_COLLECTED DATA_
----------------------------------------
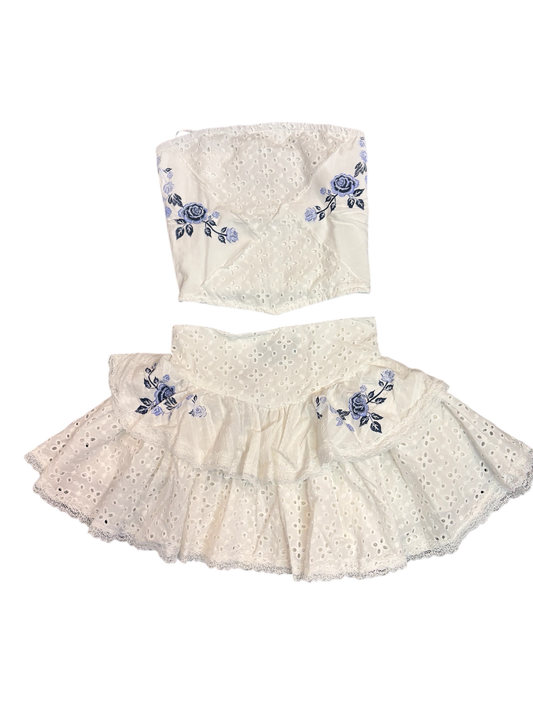 White & Blue Floral Tube Top Skirt Set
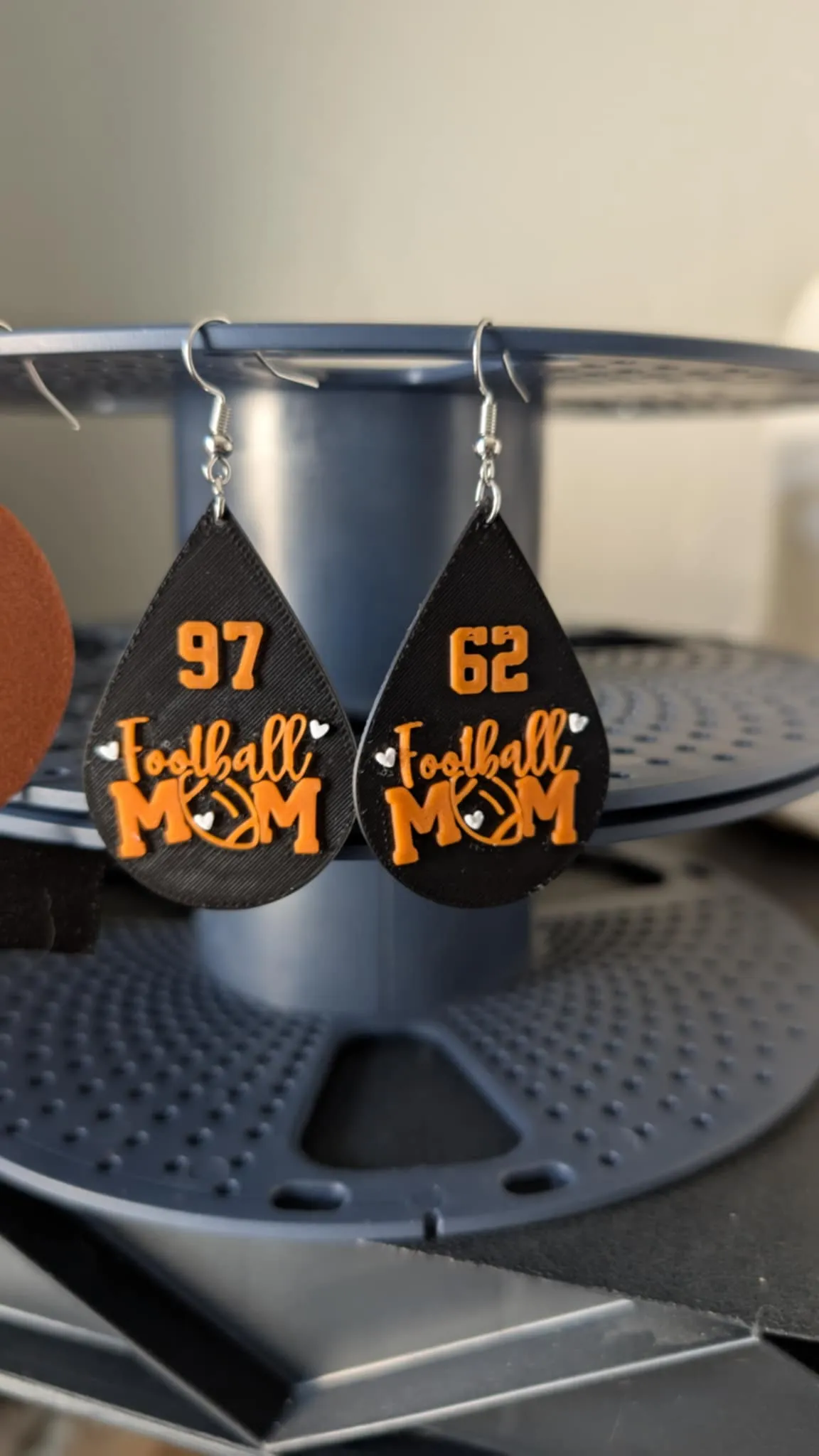 Football mom earrings view 2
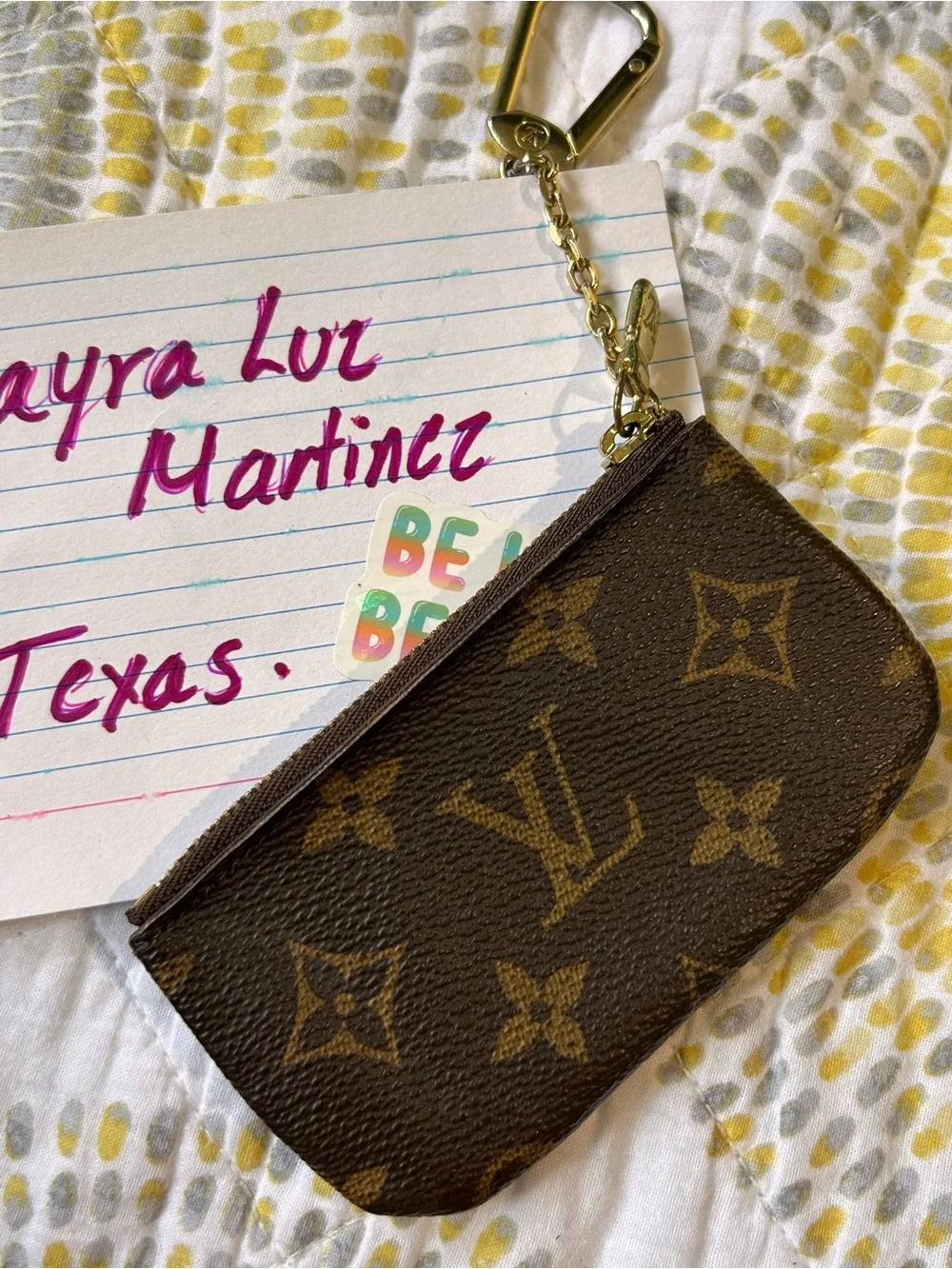 Louis Vuitton Brown Monogram Key Pouch with Gold Hardware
----------------------------------------
_PROBLEM_
Skipping all pictures, set the listing down exactly as written.

_ANSWER FOR THIS EXERCISE_
 White & Blue Floral Tube Top Skirt Set
 Football mom earrings view 2
 Louis Vuitton Brown Monogram Key Pouch with Gold Hardware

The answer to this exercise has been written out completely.